Short web captions
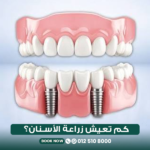 كم تدوم زراعة الأسنان
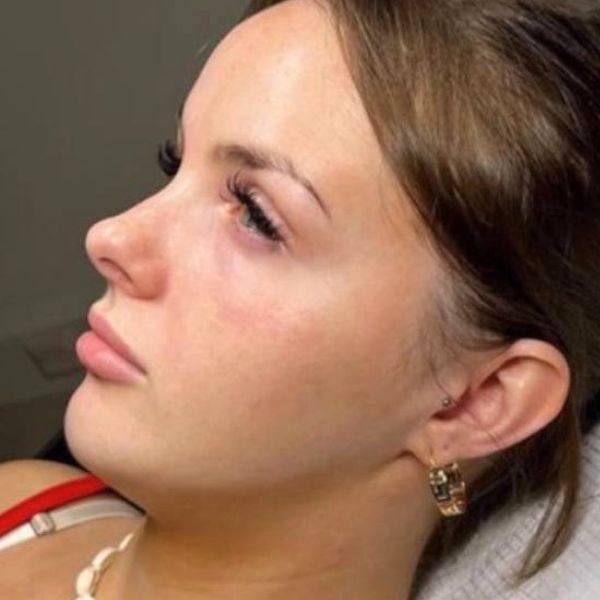 Before treatment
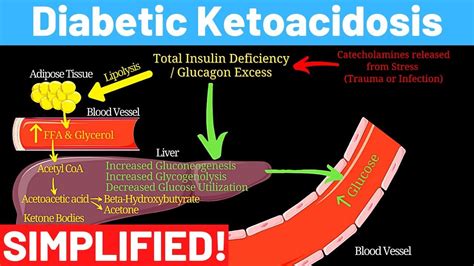 Diabetic Ketoacidosis Detailed Explanation Within 7 Minutes Diabetic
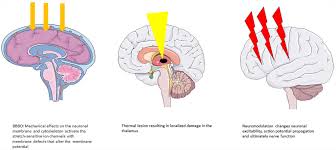 Image result for Thalamotomy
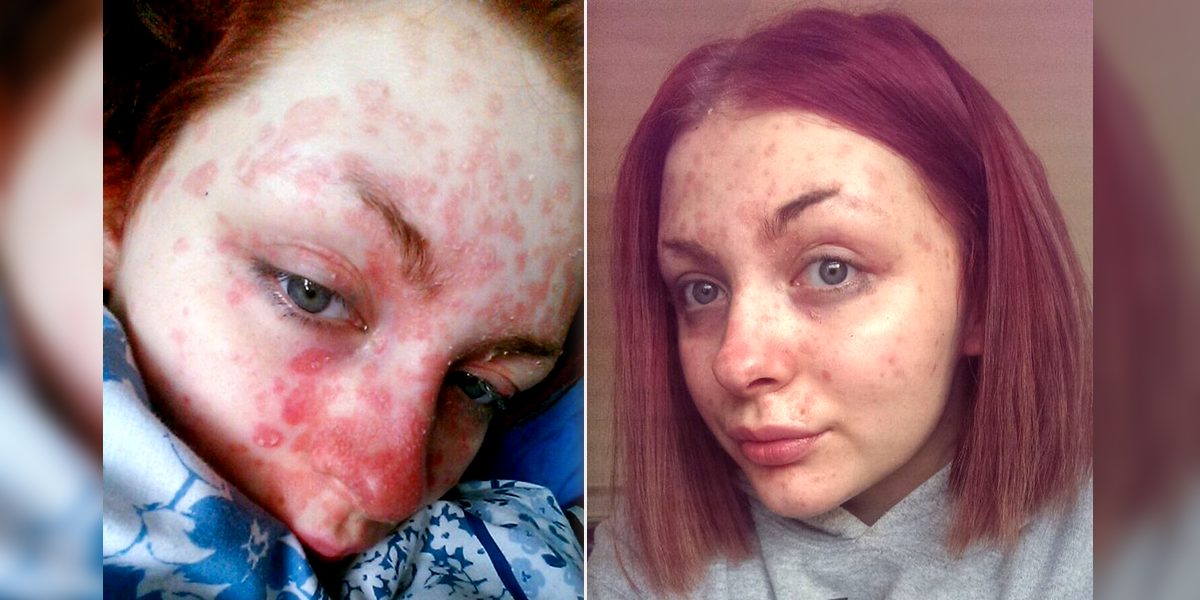 La celidonia mayor al tratamiento de la psoriasis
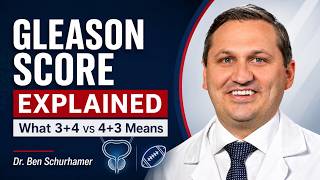 How do I understand my Gleason score? Prostate Biopsy explained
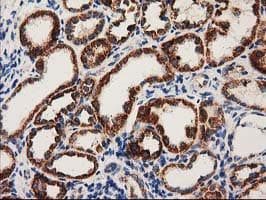 MMAB Antibody (clone OTI2G5, Carrier-free)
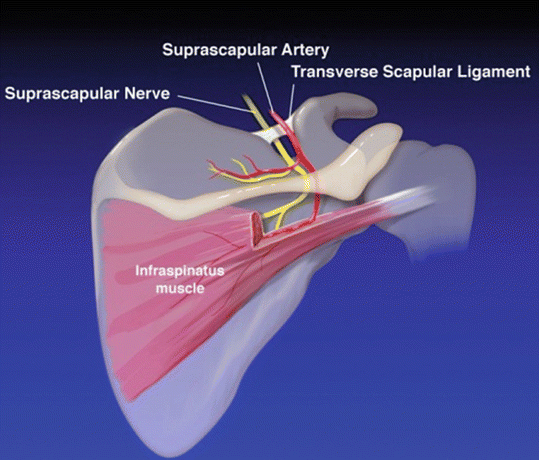 nervo sovrascapolare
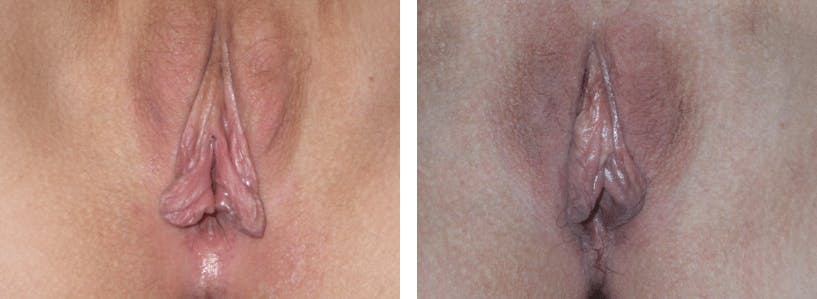 Labiaplasty Before & After Gallery - Patient 74870892 - Image 1
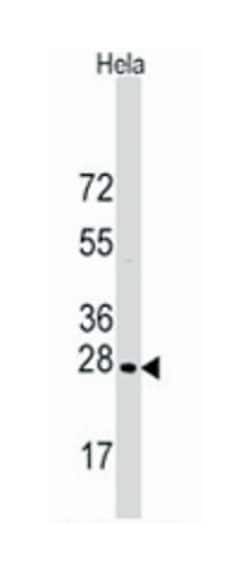 HSPB1 Rabbit anti-Human, Polyclonal Antibody, Abnova 400 &mu;L | Buy Online | Abnova Corporation | Fisher Scientific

* Problem statement
Give the data again word for word, without images.

* Answer to this problem
 كم تدوم زراعة الأسنان
 Before treatment
 Diabetic Ketoacidosis Detailed Explanation Within 7 Minutes Diabetic
 Image result for Thalamotomy
 La celidonia mayor al tratamiento de la psoriasis
 How do I understand my Gleason score? Prostate Biopsy explained
 MMAB Antibody (clone OTI2G5, Carrier-free)
 nervo sovrascapolare
 Labiaplasty Before & After Gallery - Patient 74870892 - Image 1
 HSPB1 Rabbit anti-Human, Polyclonal Antibody, Abnova 400 &mu;L | Buy Online | Abnova Corporation | Fisher Scientific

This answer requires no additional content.